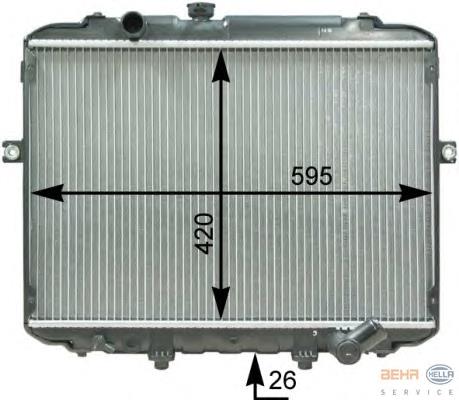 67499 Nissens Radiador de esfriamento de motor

━━━━━━━━

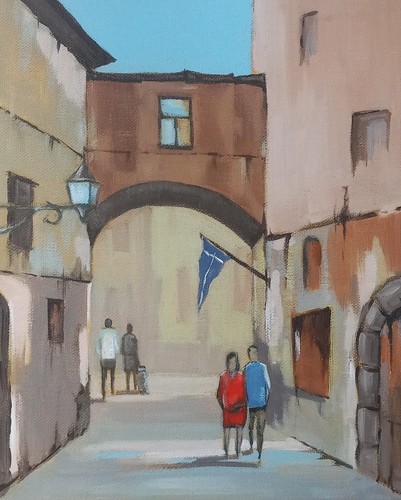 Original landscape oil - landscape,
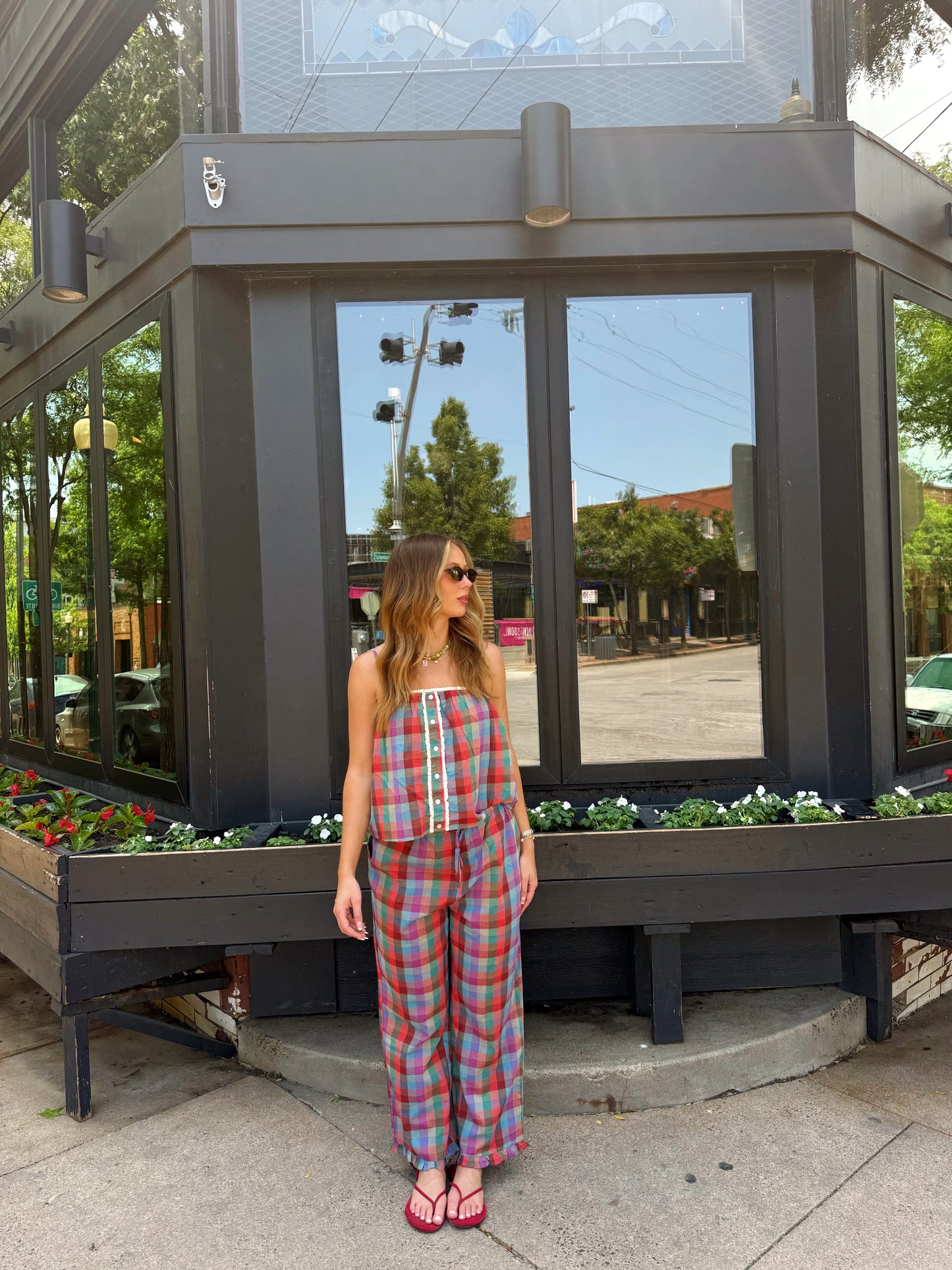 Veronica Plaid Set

━━━━━━━━

> Exercise brief:
Above are records; repeat only the lines from the line with "Original landscape oil" through the line with "Veronica Plaid Set", and leave pictures out.

> Your solution:
 Original landscape oil - landscape,
 Veronica Plaid Set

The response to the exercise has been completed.